“Why is it that I have to work 40 hours a week just so I can have a place to live?”
A young woman’s TikTok video, in which she makes a now familiar complaint about young people having to spend most of their time working for just a sliver of free time which they then have barely enough money to enjoy, is now going viral.
“40 hours a week makes me $2,000 a month and my rent is $1,660,” the woman continued in a video that has amassed 18 million views on Twitter. “So I work 40 hours a week so I can have a 2 bedroom apartment and an extra $300 a month that doesn’t cover my phone or my internet or food.”
As the video made its way to Twitter, the accounts of the usual conservative suspects—those who seem to make a point of missing the point in order to generate outrage clicks—rushed in to blast the woman for her “laziness.”
Political commentator Matt Walsh weighed in to bid the woman “suck it up and deal with it.”
“Honestly boggles my mind that so many people think 40 hours of work a week is a lot,” Walsh wrote. “That leaves you at least 5 or 6 waking hours a day during the week to yourself and two full days on the weekend. How much more free time do you really think you should have?”
But it’s not the 40-hour work week per se that is making young people in the workforce so miserable. From a historical point of view, Walsh and others like him are right: The 40-hour work is relatively easy on the employee. Congress didn’t pass the Fair Labor Standards Act until 1938, requiring employers pay extra to an employee who works more than 44 hours in a given week. In 1940, that number was lowered to 40 hours a week. For jobs that aren’t salaried, anything over that today gets you extra money per hour.

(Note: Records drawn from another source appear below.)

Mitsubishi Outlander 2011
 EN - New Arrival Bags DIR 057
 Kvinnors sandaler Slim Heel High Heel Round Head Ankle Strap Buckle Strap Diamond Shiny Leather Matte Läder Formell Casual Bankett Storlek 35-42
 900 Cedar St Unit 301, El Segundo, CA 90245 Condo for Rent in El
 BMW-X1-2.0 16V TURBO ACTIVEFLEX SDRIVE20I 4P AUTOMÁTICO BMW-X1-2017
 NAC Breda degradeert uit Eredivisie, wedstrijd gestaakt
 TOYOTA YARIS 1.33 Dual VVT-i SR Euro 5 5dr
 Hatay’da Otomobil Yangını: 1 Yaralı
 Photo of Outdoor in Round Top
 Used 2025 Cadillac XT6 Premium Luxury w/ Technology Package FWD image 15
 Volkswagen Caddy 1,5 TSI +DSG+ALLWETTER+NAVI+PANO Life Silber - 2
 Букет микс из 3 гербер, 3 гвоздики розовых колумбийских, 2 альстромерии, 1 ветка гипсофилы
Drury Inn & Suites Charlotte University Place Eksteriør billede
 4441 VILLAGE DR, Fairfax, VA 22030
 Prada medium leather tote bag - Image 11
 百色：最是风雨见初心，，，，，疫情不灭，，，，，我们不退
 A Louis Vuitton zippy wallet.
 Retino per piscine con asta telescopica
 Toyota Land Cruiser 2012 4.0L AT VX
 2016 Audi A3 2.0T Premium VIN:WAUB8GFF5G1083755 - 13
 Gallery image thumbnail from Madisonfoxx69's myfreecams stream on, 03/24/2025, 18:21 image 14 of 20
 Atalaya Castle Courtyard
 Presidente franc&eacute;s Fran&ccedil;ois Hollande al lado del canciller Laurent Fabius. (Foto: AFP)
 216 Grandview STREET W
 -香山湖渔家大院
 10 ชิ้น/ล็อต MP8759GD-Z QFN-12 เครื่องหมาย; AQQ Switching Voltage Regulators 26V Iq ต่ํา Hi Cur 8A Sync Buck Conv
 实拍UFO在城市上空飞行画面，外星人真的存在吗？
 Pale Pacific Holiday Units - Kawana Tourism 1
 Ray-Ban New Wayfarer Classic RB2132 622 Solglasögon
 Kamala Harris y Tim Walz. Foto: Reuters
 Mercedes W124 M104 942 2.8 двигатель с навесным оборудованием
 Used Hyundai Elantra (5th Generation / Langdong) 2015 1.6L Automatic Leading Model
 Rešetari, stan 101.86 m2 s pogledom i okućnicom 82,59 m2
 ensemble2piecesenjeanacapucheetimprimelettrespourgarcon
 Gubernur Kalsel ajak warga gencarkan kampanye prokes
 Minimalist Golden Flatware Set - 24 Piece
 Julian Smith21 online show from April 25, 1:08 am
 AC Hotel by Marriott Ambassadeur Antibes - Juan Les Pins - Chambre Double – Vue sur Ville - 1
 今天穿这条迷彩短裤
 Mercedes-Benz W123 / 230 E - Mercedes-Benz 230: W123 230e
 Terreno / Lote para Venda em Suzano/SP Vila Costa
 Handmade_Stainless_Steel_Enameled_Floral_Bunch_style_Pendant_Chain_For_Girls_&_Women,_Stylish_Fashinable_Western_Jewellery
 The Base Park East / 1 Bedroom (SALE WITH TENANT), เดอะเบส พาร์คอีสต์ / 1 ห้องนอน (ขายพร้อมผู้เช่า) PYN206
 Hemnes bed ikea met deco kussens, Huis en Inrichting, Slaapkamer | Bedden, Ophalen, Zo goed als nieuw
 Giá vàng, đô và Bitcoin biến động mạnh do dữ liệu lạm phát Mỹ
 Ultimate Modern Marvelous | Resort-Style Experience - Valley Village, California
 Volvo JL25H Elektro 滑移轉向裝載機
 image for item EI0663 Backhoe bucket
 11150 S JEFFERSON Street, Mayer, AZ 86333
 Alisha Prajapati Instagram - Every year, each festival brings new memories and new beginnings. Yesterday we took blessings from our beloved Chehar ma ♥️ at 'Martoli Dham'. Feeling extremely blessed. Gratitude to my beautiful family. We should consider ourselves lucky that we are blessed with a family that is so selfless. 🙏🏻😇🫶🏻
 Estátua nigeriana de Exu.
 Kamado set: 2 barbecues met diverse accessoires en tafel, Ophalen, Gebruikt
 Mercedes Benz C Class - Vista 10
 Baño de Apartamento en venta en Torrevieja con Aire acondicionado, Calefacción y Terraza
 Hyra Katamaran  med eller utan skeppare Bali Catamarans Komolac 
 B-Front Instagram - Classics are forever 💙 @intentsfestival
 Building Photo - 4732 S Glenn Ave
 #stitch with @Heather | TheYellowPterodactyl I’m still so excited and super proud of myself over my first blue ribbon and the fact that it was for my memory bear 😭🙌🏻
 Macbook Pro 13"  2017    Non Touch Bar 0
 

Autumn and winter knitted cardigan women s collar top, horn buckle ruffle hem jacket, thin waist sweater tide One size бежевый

In the pre-industrial rural lifestyles often romanticized by the unhappy office drone, work was such a fact of life that “time off” simply wasn’t a thing—“time off” was time for your horse that provides your only transportation to go lame, your crops to die, and your cattle to go hungry. The Pioneers didn’t clock out of their farming at 5:30 p.m. sharp. In the 1800s, estimates conclude that Americans worked 70 or more hours a week.
Even so, the establishment conservatives of a certain age get it wrong when they are quick to pass judgment on people like this young woman by citing these facts. They misunderstand the nature of the complaint. Young people working in corporate America today are not wrong to be unhappy because it is a much different environment than the corporate America boomers, or even Gen X, got its start in. The pointlessness of so many laptop jobs, the cost of living that eats up a paycheck even before young people can start saving, and the constant woke browbeating from human resources offices is no insignificant burden for them to bear. When you add to this the apparent likelihood that they must bear it for decades on end until they reach an increasingly unlikely retirement, it’s no wonder that the kids aren’t all right.
A former Google employee who quit in 2016 recounted this month how frustrating the politically correct badgering was at the company. At one point, he was called into an H.R. office, “as a result of someone filing a complaint about something I did not say, did not write, and do not believe.”
“And then, in what really defied the limits of audacity, I was asked in that meeting to apologize for that which I did not say! Of course, I did no such thing … but that was the moment I changed my mind, from ‘Google has a big problem’, to ‘even if I have to peel potatoes for a living, I really can’t work here anymore.’”
Another video has been going viral on Instagram of a father returning from working more hours than the woman in this video. Yet he is happy to tears as his young daughter greets him joyfully as soon as his car pulls into the garage.
“I work 55 hours a week and I come home and she never fails me, my little angel is there waiting for me before I even have the chance to pull into the garage. I wanna show you guys this,” the father says as he pulls into his home.
“You guys see that?” he says, choking up as a girl’s grinning face peeps out of the house into the garage. “It’s the reason why I won’t give up, why I can’t give up. Because I have people who love me, who care about me.” Perhaps this is why generations of men and women performed quite literally back-breaking labor with nothing but thankfulness. Conservatives would do well not to chide those who are depressed under the pointlessness of seemingly endless labor when the end is nothing but one’s own self-actualization, and we live in a culture that seems to offer even slim hope of that.